Lightning Review: Text Analysis with R for Students of Literature

Cover of Text Analysis with R book

My undergraduate degree is in Classical Humanities and French, and like many humanities and liberal arts students, computers were mostly used for accessing Oxford Reference Online and double checking that “bonjour” meant “hello” before term papers were turned in. Actual critical analysis of literature came from my mind and my research, and nothing else. Recently, scholars in the humanities began seeing the potential of computational methods for their study, and coined these methods “digital humanities.” Computational text analysis provides insights that in many cases, aren’t possible for a human mind to complete. When was the last time you read 100 books to count occurrences of a certain word, or looked at thousands of documents to group their contents by topic? In Text Analysis with R for Students of Literature, Matthew Jockers presents programming concepts specifically how they relate to literature study, with plenty of help to make the most technophobic English student a digital humanist.

Jockers’ book caters to the beginning coder. You download practice text from his website that is already formatted to use in the tutorials presented, and he doesn’t dwell too much on pounding programming concepts into your head. I came into this text having already taken a course on Python, where we did edit text and complete exercises similar to the ones in this book, but even a complete beginner would find Jockers’ explanations perfect for diving into computational text analysis. There are some advanced statistical concepts presented which may turn those less mathematically inclined, but these are mentioned only as furthering understanding of what R does in the background, and can be left to the computer scientists. Practice-based and easy to get through, Text Analysis with R for Students of Literature serves its primary purpose of bringing the possibilities of programming to those used to traditional literature research methods.

Ready to start using a computer to study literature? Visit the Scholarly Commons to view the physical book, or download the eBook through the Illinois library.

New Digital Humanities Books in the Scholarly Commons!

Is there anything quite as satisfying as a new book? We just got a new shipment of books here in the Scholarly Commons that complement all our services, including digital humanities. Our books are non-circulating, so you cannot check them out, but these DH books are always available for your perusal in our space.

Stack of books in the Scholarly Commons

Two brand new and two mostly new DH books

Digital Humanities: Knowledge and Critique in a Digital Age by David M. Berry and Anders Fagerjord

Two media studies scholars examine the history and future of digital humanities. DH is a relatively new field, and one that is still not clearly defined. Berry and Fagerjord take a deep dive into the methods that digital humanists gravitate towards, and critique their use in relation to the broader cultural context. They are more critical of the “digital” than the “humanities,” meaning they consider more how use of digital tools affects the society as a whole (there’s that media studies!) than how scholars use digital methods in humanities work.

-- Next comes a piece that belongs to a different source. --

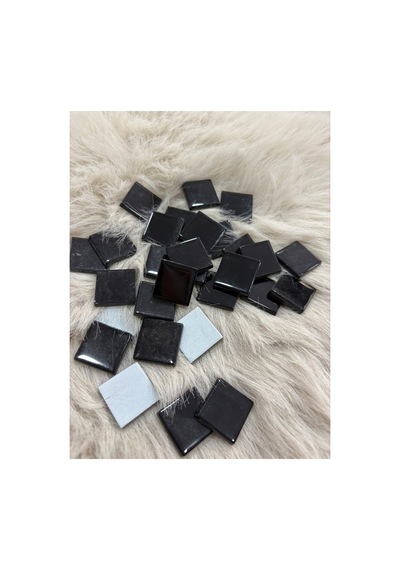 Sanatsal Kristal Mozaik Ks-28 23x23mm Siyah 250gr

They caution against using digital tools just because they are “better,” and instead encourage the reader to examine their role in the DH field to contribute to its ongoing growth. Berry has previously edited Understanding Digital Humanities (eBook available through Illinois library), which discusses similar issues. For a theoretical understanding of digital humanities, and to examine the issues in the field, read Digital Humanities.

Text Mining with R: A Tidy Approach by Julia Silge and David Robinson

Working with data can be messy, and text even messier. It never behaves how you expect it to, so approaching text analysis in a “tidy” manner is crucial. In Text Mining with R, Silge and Robinson present their tidytext framework for R, and instruct the reader in applying this package to natural language processing (NLP). NLP can be applied to derive meaning from unstructured text by way of unsupervised machine learning (wherein you train the computer to organize or otherwise analyze your text and then you go get coffee while it does all the work). This book is most helpful for those with programming experience, but no knowledge of text mining or natural language processing is required. With practical examples and easy to follow, step-by-step guides, Text Mining with R serves as an excellent introduction to tidying text for use in sentiment analysis, topic modeling, and classification.

No programming or R experience? Try some of our other books, like R Cookbook for an in-depth introduction, or Text Analysis with R for Students of Literature for a step-by-step learning experience focused on humanities people.

Visit us in the Scholarly Commons, 306 Main Library, to read some of our new books. Summer hours are Monday through Friday, 10 AM-5 PM. Hope to see you soon!

An Obstacle and (Hopefully) a Solution in Digital Research

This post is part of an ongoing series about my research on conspiracy theories and the tools I use to pursue it. You can read Part I: What is a Conspiracy Theory and Part II: Why Are Conspiracy Theories So Compelling? on Commons Knowledge.


Part of my research project, in which I am attempting to give an empirically-informed account of what constitutes a conspiracy theory, involves reading through a text that compiles a few hundred different conspiracy theories and gives brief accounts of them. By reading through them and coding for the presence of various features, I hoped to get some information on what features were most typical of conspiracy theories. My own suspicion is that an important part of the appeal of conspiracy theories is that, in general, we tend to find appeals to coincidence unconvincing. For example, if a student is repeatedly absent from class on test days and gives as an excuse a series of illnesses, we are inclined to find this unconvincing. It seems very coincidental that their illnesses always occur on test days. Of course, it’s possible that it really is a coincidence, but we strongly discount the explanatory weight of such an appeal. If we cast about for another theory to explain their absences, we quickly happen across another one: The student didn’t prepare for the tests and so wanted to avoid coming to class. Again, it’s possible this theory is incorrect, but it is much more satisfying than the theory that the student just coincidentally gets sick on test days.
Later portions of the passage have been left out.